THE PROBLEM:
Repeat exactly the lines below that lie between the line with "Mercedes-Benz GLA-Class 2021 — photo 9" and the line with "Lys blåmelert mugge", counting both of those lines as part of the answer.
━━━━━ DATA FOR REVIEW ━━━━━
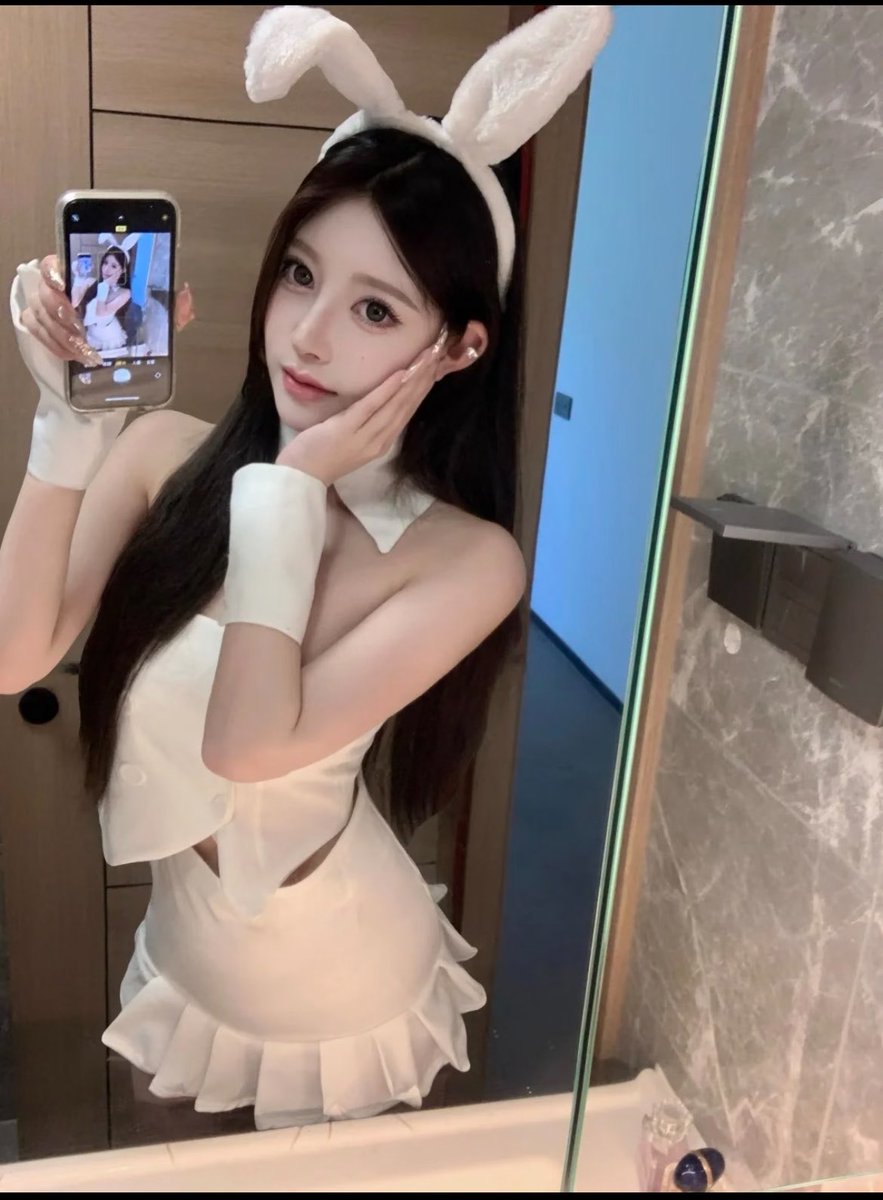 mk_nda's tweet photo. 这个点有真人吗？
━━━━━
━━━━━ DATA FOR REVIEW ━━━━━
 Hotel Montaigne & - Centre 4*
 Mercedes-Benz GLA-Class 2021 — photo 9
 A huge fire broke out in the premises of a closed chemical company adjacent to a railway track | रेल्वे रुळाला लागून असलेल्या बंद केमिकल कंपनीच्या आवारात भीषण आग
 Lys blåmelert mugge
━━━━━
ANSWER FOR THIS EXERCISE:
 Mercedes-Benz GLA-Class 2021 — photo 9
 A huge fire broke out in the premises of a closed chemical company adjacent to a railway track | रेल्वे रुळाला लागून असलेल्या बंद केमिकल कंपनीच्या आवारात भीषण आग
 Lys blåmelert mugge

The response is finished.